ON THE ROAD: FENWAY PARK
Fenway is billed as “America’s Most Beloved Ballpark” and I guess it’s easy as a NL fan to give it credit where it’s due. I don’t have to fight for tickets to Fenway on a regular basis, I don’t have to sit in its tiny, cramped seats every week, and I don’t have to deal with the drunken gauntlet to get to and from the ballpark.
I’m a big fan of the old ballparks. Fenway has managed to capture the best of both worlds: the old, original ballpark, upgraded within an inch of its life. The seats may be uncomfortable and you may be jockeying around poles to see the game on the field, but there are ample bathrooms, concessions and space to walk around.

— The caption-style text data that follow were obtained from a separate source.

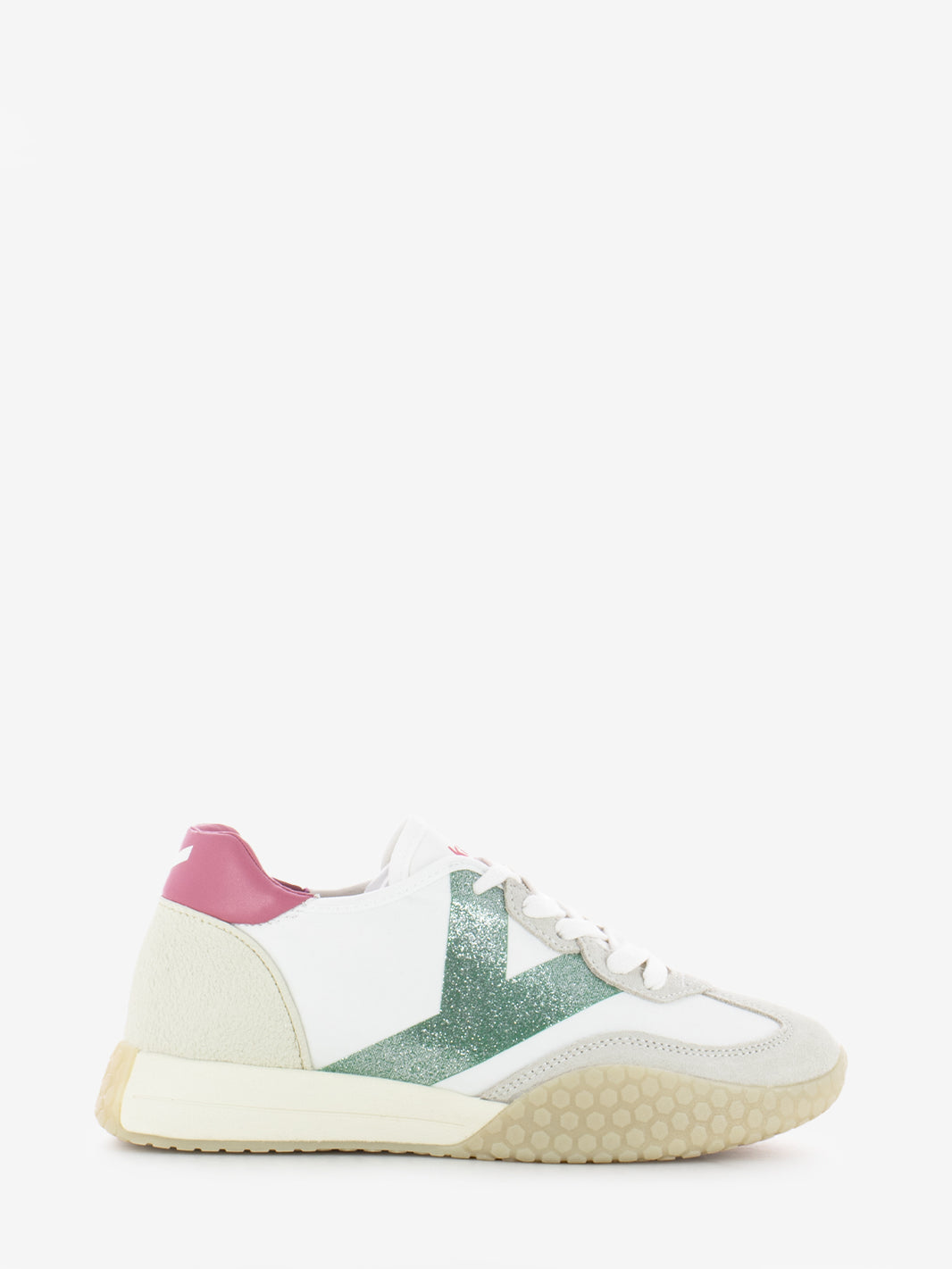 Sneakers KW 9312 bianco / menta / rosa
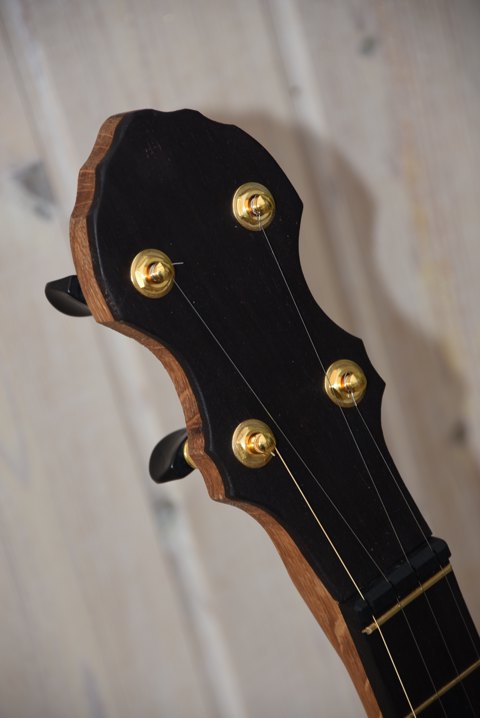 5 Strenget Openback Banjo A-Scale nr. 15-18. A-scale custom model.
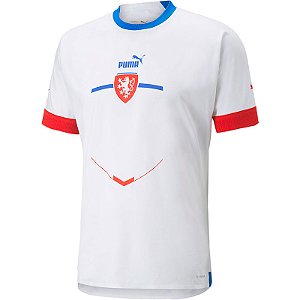 Camisa República Tcheca 2 Torcedor Masculina 2022 / 2023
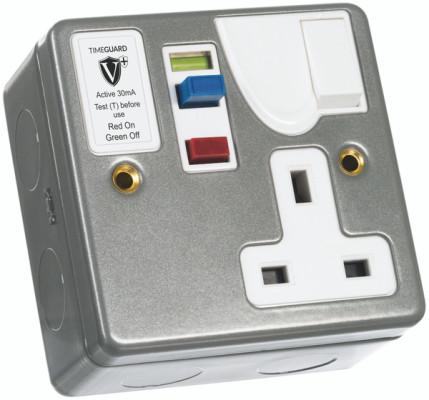RCD03MAVN Timeguard RCD Socket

The Red Sox got unbelievably creative in ways to expand the ballpark without having to build a new one. Yawkey Way, along the left field line, becomes part of the ballpark on game day. The left field under-bleacher area is the one claustrophobic part of the ballpark; as you walk around toward center field and out towards the bleachers, the space opens up.
Most of the 38,000+ seats are on the field level; the upper levels are premium and box levels. Yes, you are dealing with old-fashioned sightlines but even in the bleachers, we could actually clearly see what was going on at home plate. Even in the grandstand, we were only 30 rows away from the field.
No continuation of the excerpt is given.